A sniffer dog deployed by Chilean rescuers on Wednesday night had responded to a scent from the site of a collapsed building in Gemmayzeh, Beirut governor Marwan Abboud said.
After detecting a pulse on Thursday, Lebanese emergency workers teamed up with the Chileans to determine whether there were any survivors.
News of the search drew crowds of people hopeful that another life could be saved.
Using their hands and shovels, they moved on Friday in the “direction of the signal”, trying to find a tunnel or entry point that would give them access to a “survivor or corpse”, Saade said, without elaborating on how long the process could take.
Lebanon, already mired in an economic crisis before the port blast, is not equipped for disaster management.
The country lacks the tools and expertise to handle advanced search and rescue operations which are now being supported by experts from Chile, France and the Unites States.
The Chileans arrived recently with a sniffer dog trained to find humans, as well as specialist sensor devices that can detect heart beats and breathing.
They have been praised as heroes by many Lebanese on social media who have compared their expertise with the lacklustre performance of what they see as an absent state.
Lebanese authorities came under more fire from an anxious public after Thursday’s search and rescue operation was paused for two hours.
In a statement on Friday, the Lebanese army said search and rescue efforts had been halted because chunks of the building’s wall could fall on emergency workers.
Rescuers resumed work at 2230 GMT after military engineers with the help of two cranes “managed to secure the building for work to resume”, the statement said.
The stoppage sparked an outcry on social media.
“There is a heart beating in Mar Mikhail, and there are heartless officials who decided to stop the rescue operation,” activist Zahia Awad said on Twitter.
As well as killing more than 190 people, the August 4 explosion injured at least 6,500 and left 300,000 homeless.

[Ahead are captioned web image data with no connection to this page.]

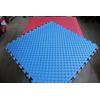 Suelo Tatami Puzzle Grosor 4 Cm. Plancha De 1 M X 1 M. Borde Liso (desmontable) (rojo/azul)…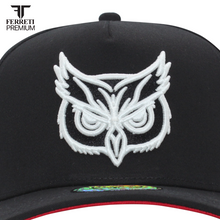 Cargar imagen en el visor de la galería, Culiacan EL Buho GLOW Negro Gorra Ferreti
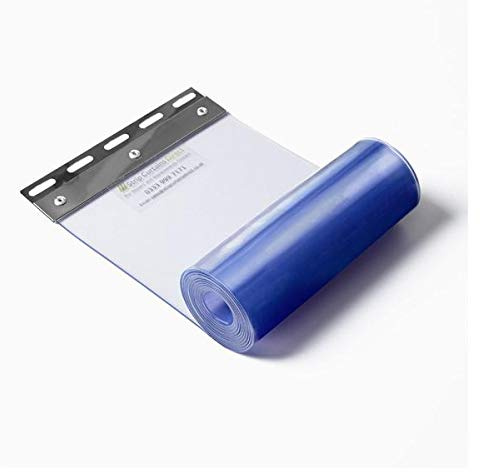 SCD PVC Lamellenvorhang und PVC Streifenvorhang Ersatzlamellen - 2m Länge - 200mm x 2mm Phthalatfreies PVC Transparent für Kühlraum Stall, Pferdestall und Lager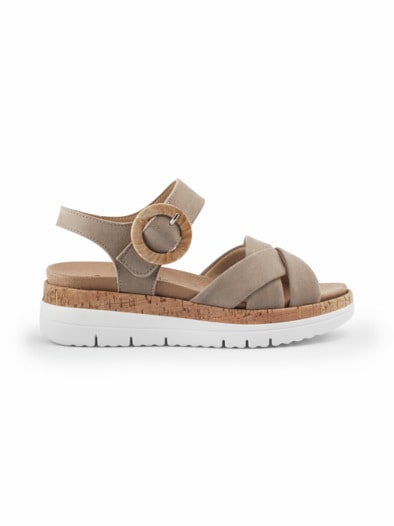 Hallux-Sandale Luftpolster Beige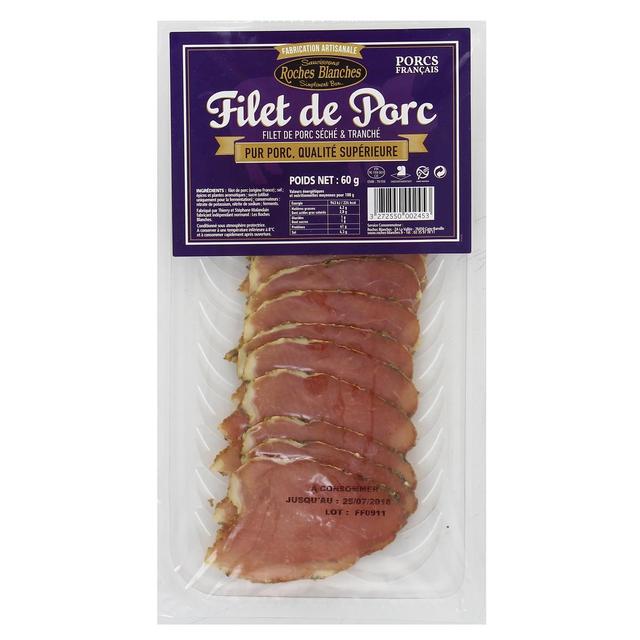 3272550002453 - Les Roches Blanches - Plateau Filet de Porc Séché, tranché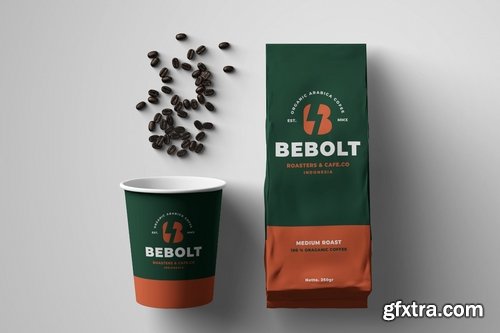 Coffee Bag Packaging Mockups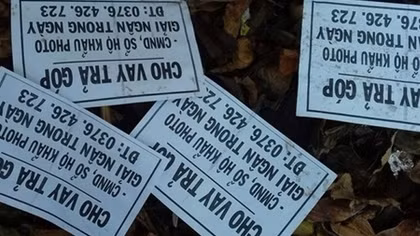 Từ tờ rơi quảng cáo, làm rõ nhóm đối tượng cho vay nặng lãi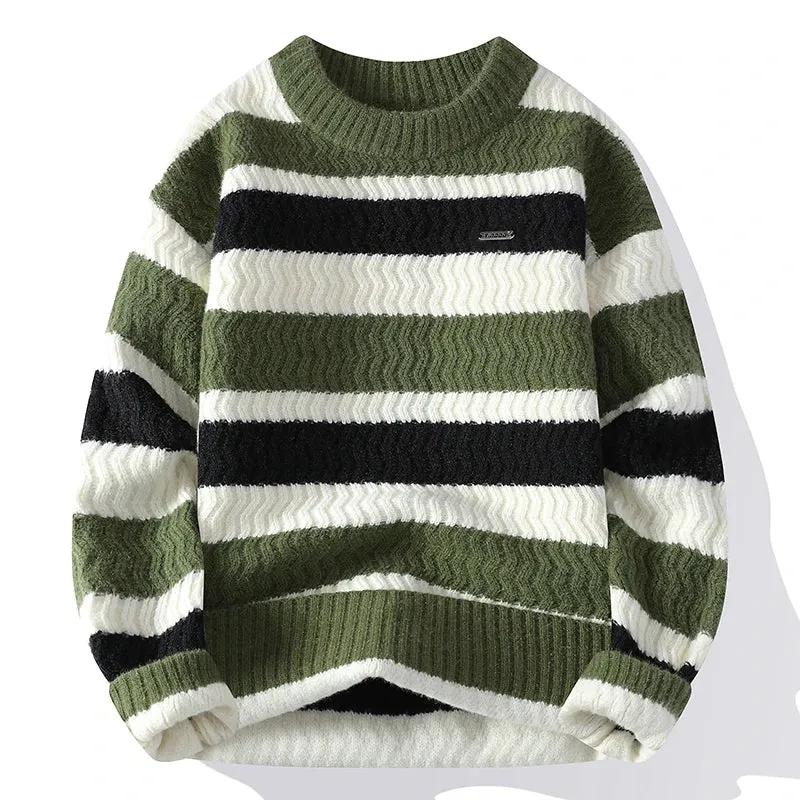 High End Casual Striped Sweater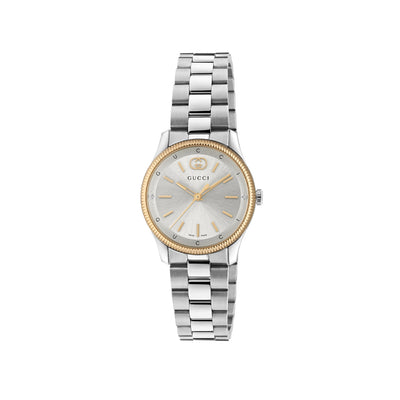 Gucci G-Timeless Silver Dial on Steel Bracelet - 29mm - Gucci product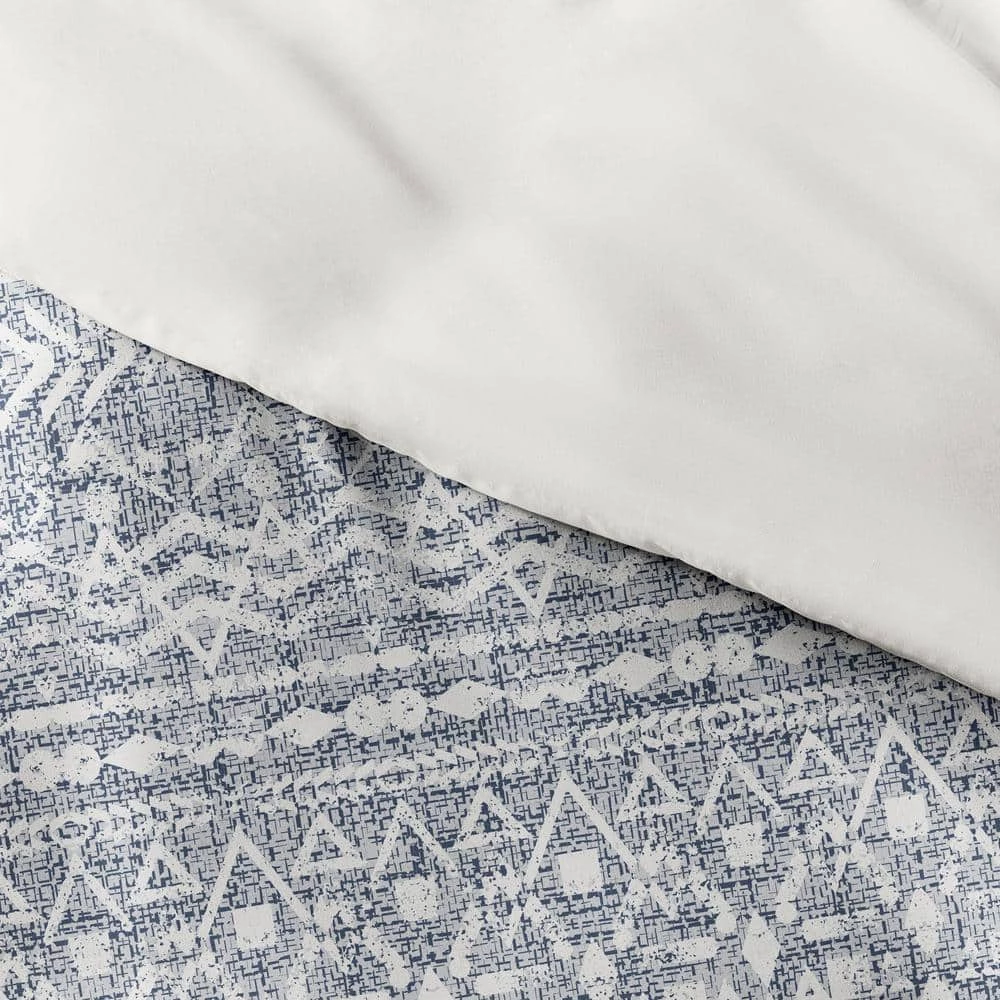 Outlet ๐ Best reviews of โ Premium Ultra Soft Navy Modern Rustic Pattern Reversible King Microfiber 3-Piece Duvet Cover Set by Becky Cameron ๐คฉ ๐ 5 Outlet ๐ Best reviews of โ Premium Ultra Soft Navy Modern Rustic Pattern Reversible King Microfiber 3-Piece Duvet Cover Set by Becky Cameron ๐คฉ ๐ - Image 5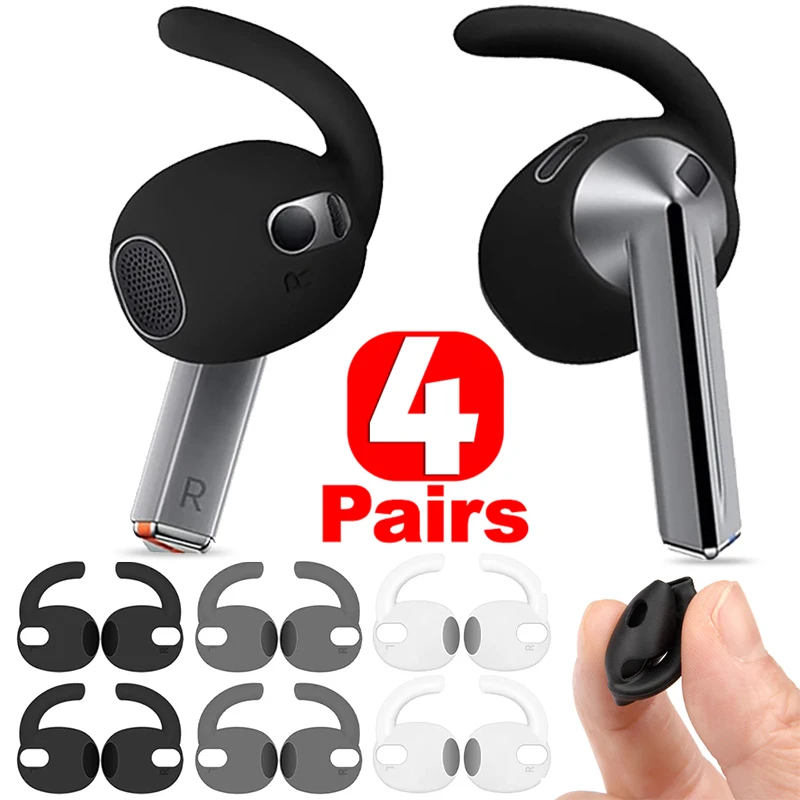 For Samsung Galaxy Buds 3 Flexible Soft Silicone Eartips Sport Earhooks Non-Slip Anti-Slip Comfortable Earbuds Case Cover Buds 3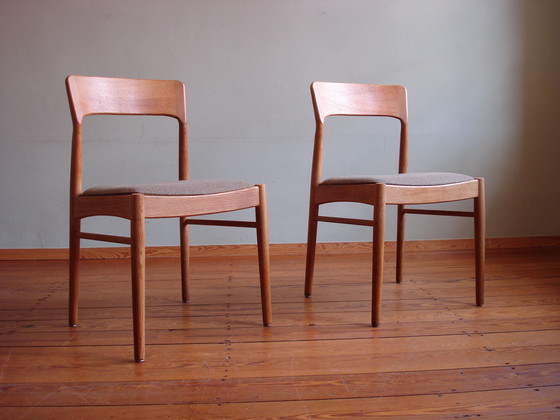 Image 1 of 6x Korup Stolefabrik Chairs by Henning Kjaernulf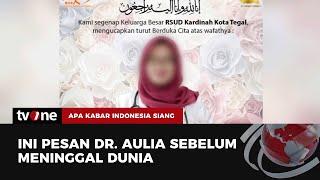 Menangis Sesenggukan, Ini Pesan Suara Curhat dr.Aulia Risma ke Keluarga | AKIS tvOne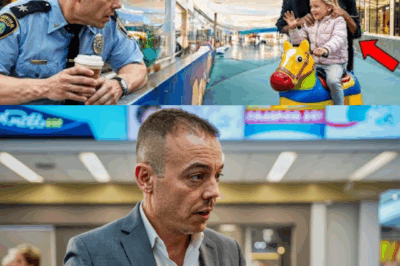 Girl Waves to Cop at Mall But What He Notices Next Makes Him Act Immediately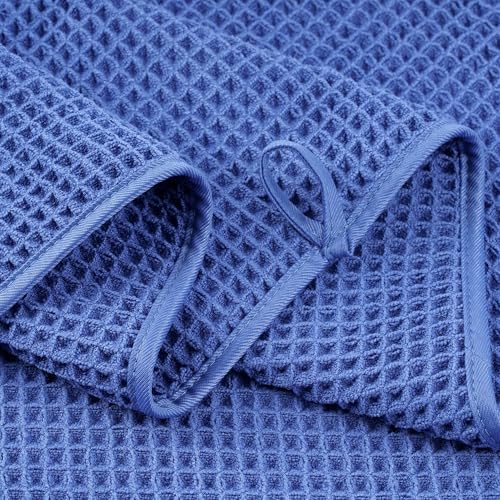 430 GSM Poly Blend Microfiber Quick Dry Waffle Bath Towel, 30x60 in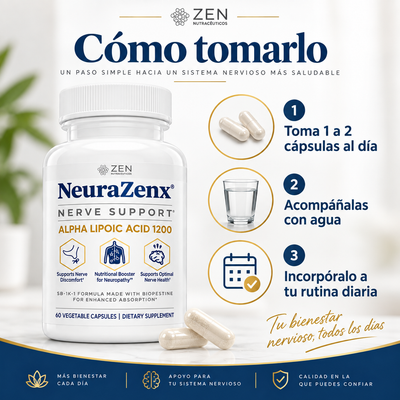 NeuraZenX™ – Soporte para Bienestar Nervioso y Neuropatía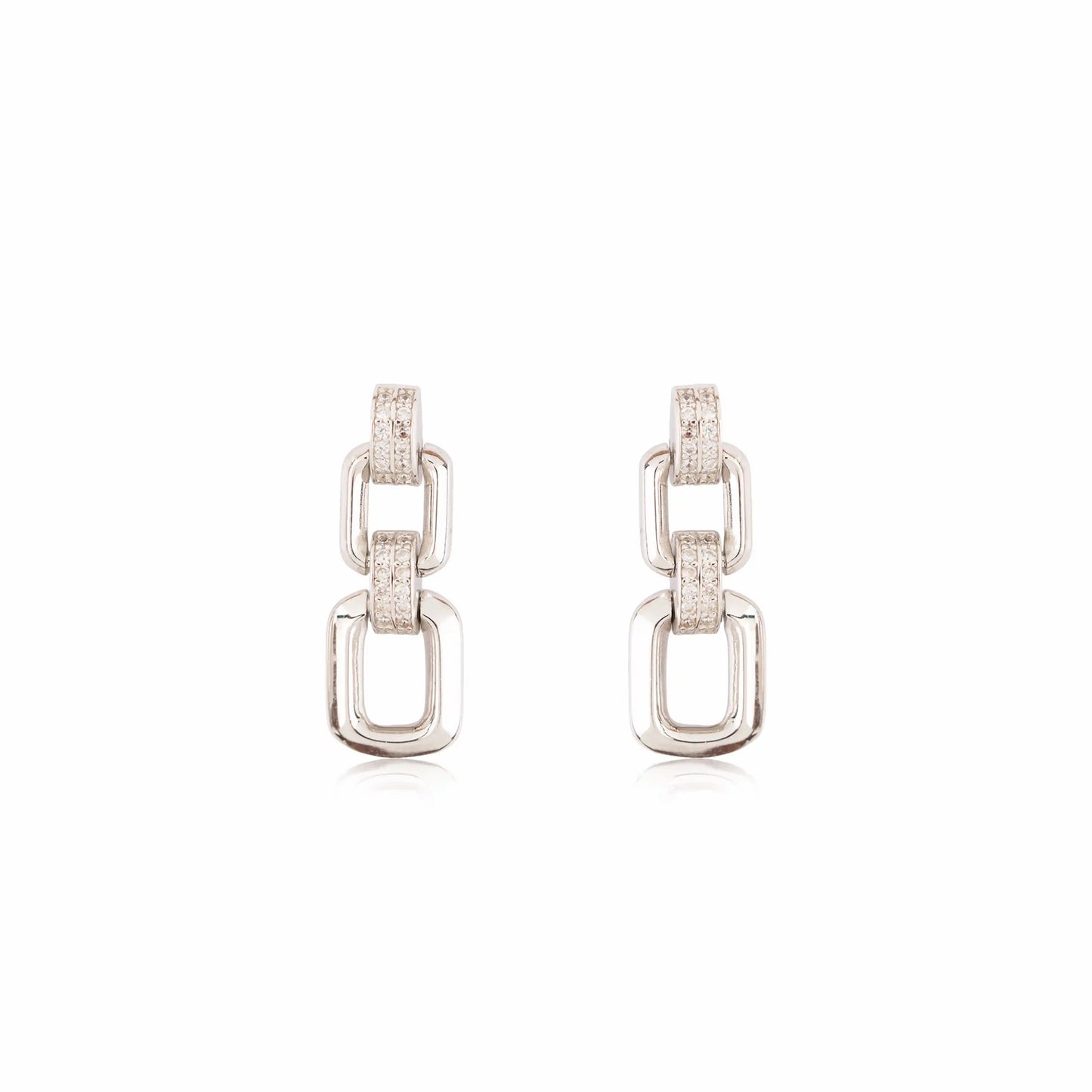 Linkella 925 Sterling Silver Earrings
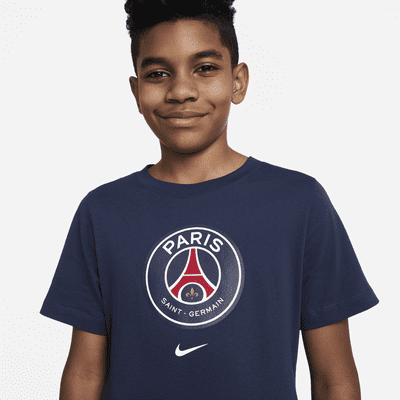 Paris Saint-Germain Crest Big Kids' Soccer T-Shirt. Nike JP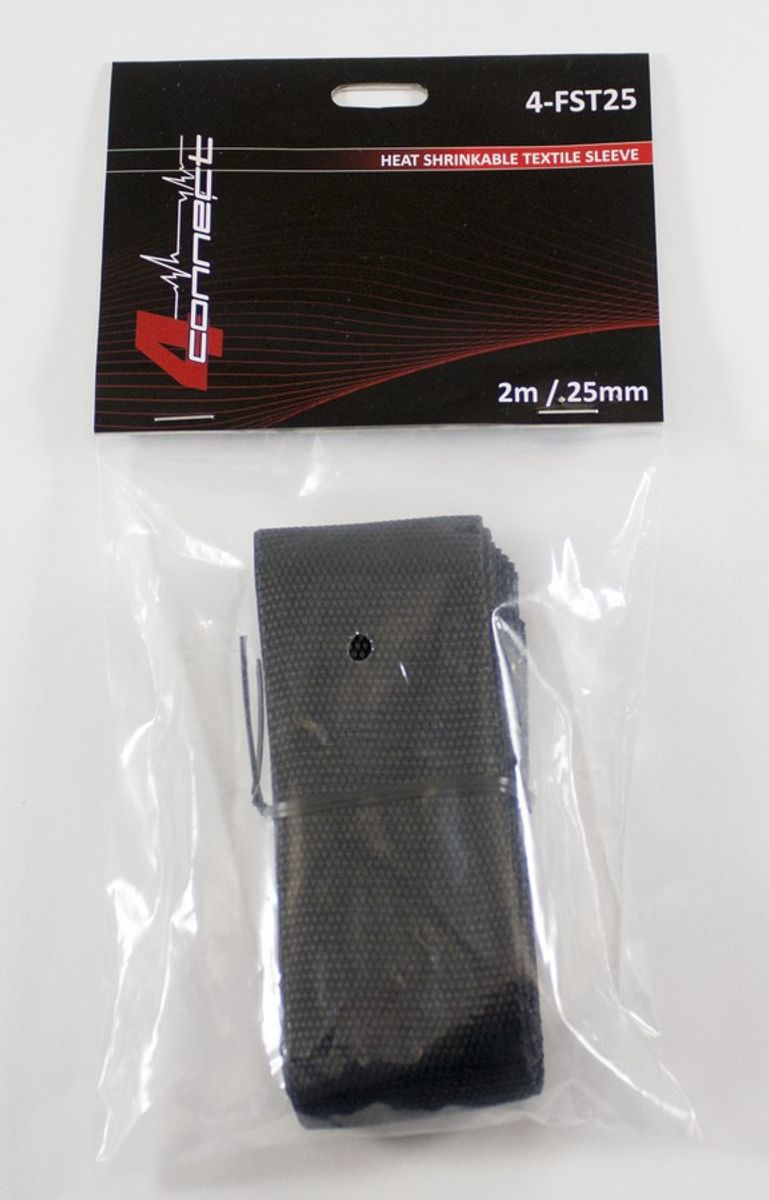4 Connect 25mm krympeslange av tøy/nylon 2 meter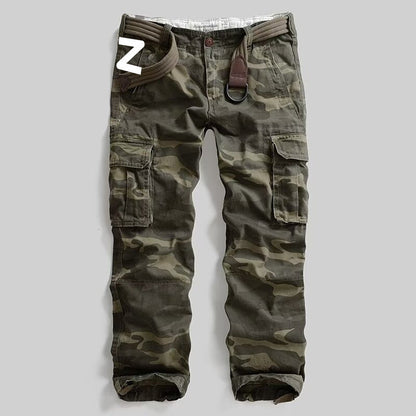 Herren Cargohose Camo Modern Taschen - BerlinGlamour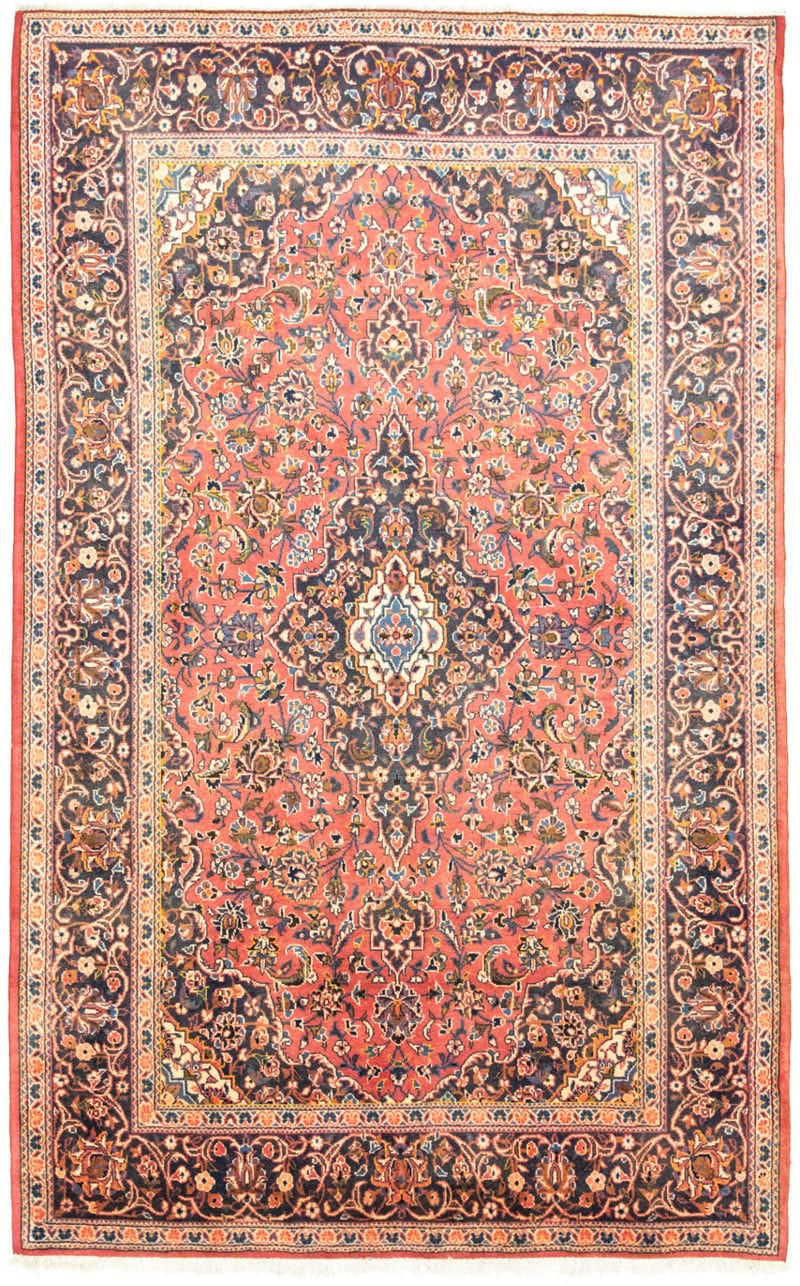 morgenland Wollteppich »Keshan Medaillon Ruggine 224 x 139 cm«, rechteckig, günstig online kaufen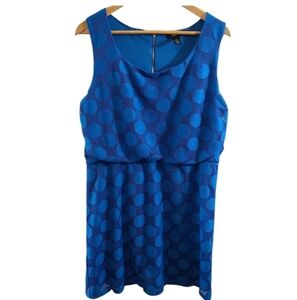 Style & Co Blue Polka Dot Mini Dress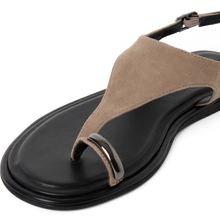 Load image into Gallery viewer, Tamaris | Simple Suede Toe Loop Sandal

Hassan Diab, who quit along with his government in the wake of the blast, said 2,750 tonnes of ammonium nitrate had blown up. The fertiliser had been stored in a portside warehouse for years, without precautionary measures.
But experts believe the quantity that ignited was substantially less than declared by authorities.
Western powers including France and the United States have joined calls by Lebanese citizens at home and abroad for an international investigation.
Lebanese authorities, however, have rejected foreign involvement in the probe, favouring instead a local investigation, albeit supported by the US FBI.
France has launched its own probe.
All 25 suspects identified by Lebanese investigators are now in custody, a judicial source told AFP.
They include Beirut port chief Hassan Koraytem and customs chief Badri Daher, as well as three Syrian welders.